Your best mate is getting married and he’s turned to you to be his Best Man. You’re very proud to take on the responsibility and all it entails. You organise for the guys head off on the stag do, an opportunity to have a few drinks and a good chat.
Early on in the evening, everything is going well. After a couple of beers you’ve got that warm fuzzy feeling. The banter is flowing; it’s promising to be a good night.
A couple more drinks and the fluorescent shots are brought out. After two, perhaps three, your world tilts on its axis and things start to fragment. A couple of the blokes disappear; eventually you get a phone call. One of them is sobbing incoherently. They’re in prison waiting for a bloke from the British Consulate to negotiate with the swarthy prison guards. They claim the pig was already wearing a thong and an Ugg Boot on its nose when they found it.
Then, of course, there’s the groom. You’ve still got his brown moccasins – the ones he bought to get into the ‘no jeans and trainers’ club you got priority passes for. He gave them to you as he dashed into the sea to win the £20 bet that he could swim across the bay to the sign saying “BEWARE RIP TIDE – DO NOT SWIM HERE”.
Depleted, you head home to face the bride. She’s worried you’ve shaved his eyebrows; you’re worried he’s dead. It was supposed to be so much fun, but it all went horribly wrong. She enters the room with a warm smile on her face. Slowly, as your silence persists, her smile contorts into curiosity, then fear. You’re paralysed, unable to talk, this is your face.

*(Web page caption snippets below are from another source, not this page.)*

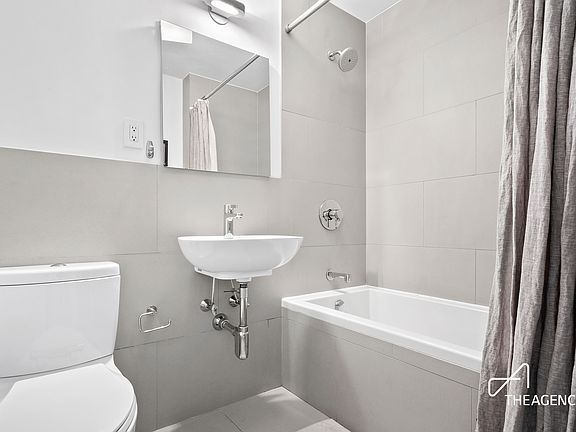 5th image of 498 Henry St APT 4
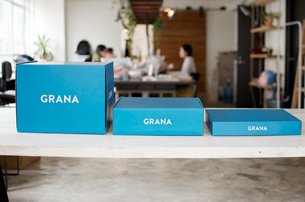 相片:Grana以漂亮的矢車菊藍色盒子運貨。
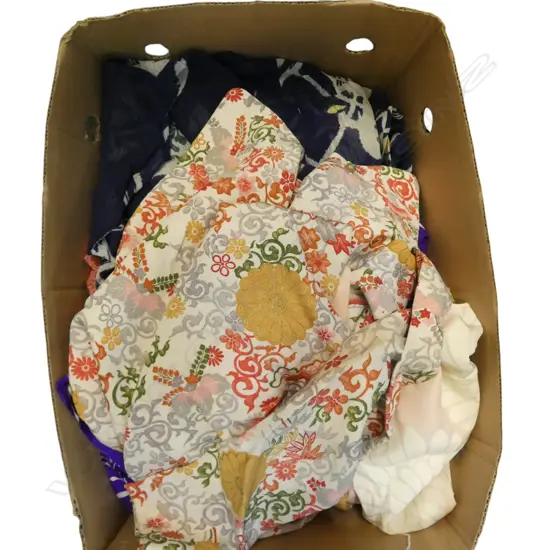 BOX of 6 VINTAGE JAPANESE KIMONO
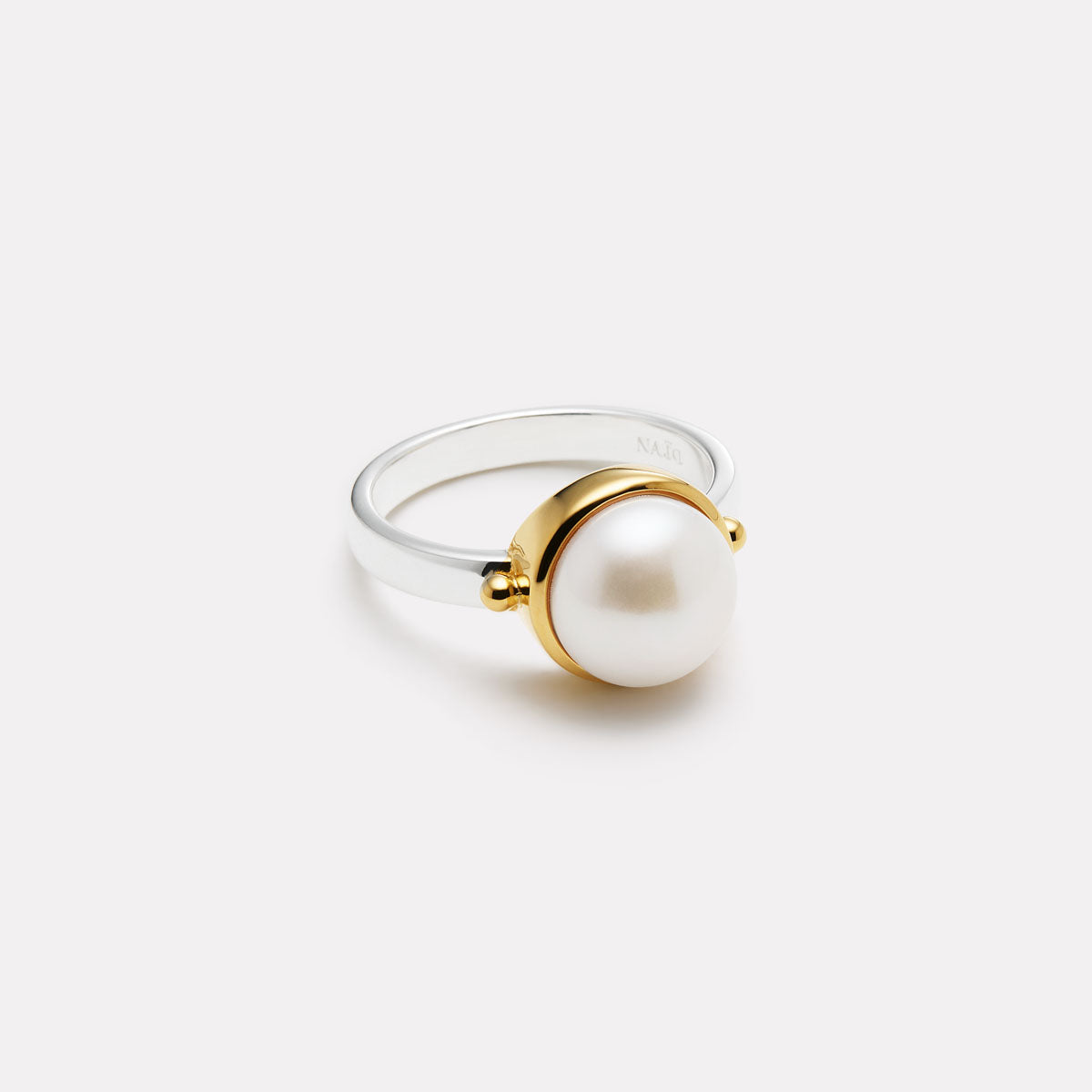 Garland Pearl Ring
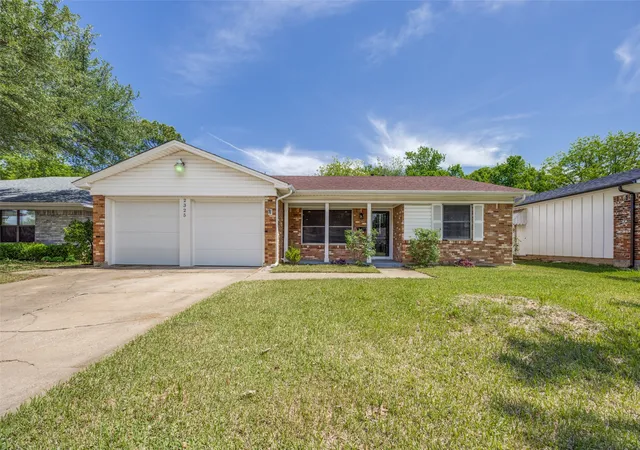 2nd image of 2325 N Ricketts St, Sherman, TX 75092 | MLS# 21247266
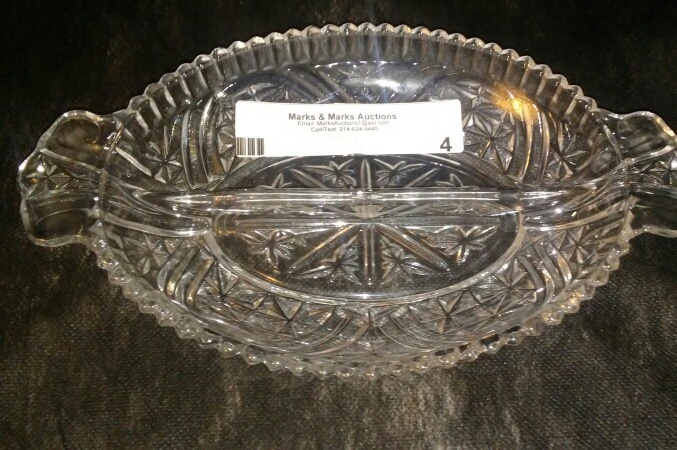 lot 4 image: Oval Glass Plate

Whichever way you look at it and you can try and style it out if you want, but there’s nothing good about a 5-0 defeat to Bradford with 2 men sent off. From a position of relative comfort, the game descended into a chaotic farce of our own making. Perhaps it’s an aberration, a one off, and a bad day at the office, but there is something disconcerting about this season. It has no mojo. As the dark winter nights draw in, it feels like it could descend into a tedious mid-table slog.